Humble diving fins sped this scientist into history
National Geographic’s archive collects famous footwear—including these flippers worn by Sylvia Earle during some of her 8,000 hours under water.
They’re humble plastic-and-rubber dive fins, aged by hundreds of hours of exposure to salt water and sun—but they’ve been on great adventures. That’s because their owner is the barrier-breaking, record-setting oceanographer Sylvia Earle.
As a student of marine science in the 1950s, Earle adopted scuba equipment early on. She was the first woman to enter a lockout chamber of an underwater submersible (and was four months pregnant at the time); she led the first all-woman aquanaut team to live underwater for two weeks.
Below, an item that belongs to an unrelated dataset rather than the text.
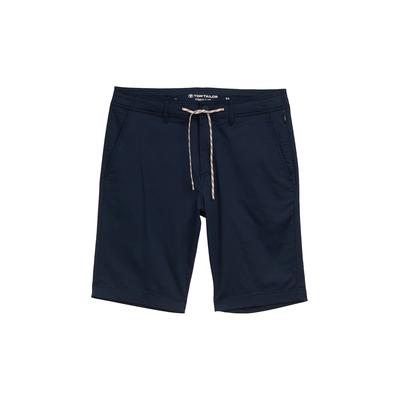 TOM TAILOR Herren Lightweight Chino Shorts mit Kordelzug, blau, Uni, Gr. 33 Image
In 1979 she descended 1,250 feet in a pressurized suit to walk on the ocean floor off Oahu, setting a record for the deepest dive made without a tether. On land Earle, a National Geographic explorer-in-residence, was the first woman to be chief scientist of the U.S. National Oceanic and Atmospheric Administration.
How many pairs of fins has Earle gone through in her decades of scientific research? No one has an exact count. Nowadays she prefers a more high-tech fin design, a type also favored by U.S. special forces. The military’s fins are black, though, while Earle’s are a luscious red. She calls them her “ruby flippers.”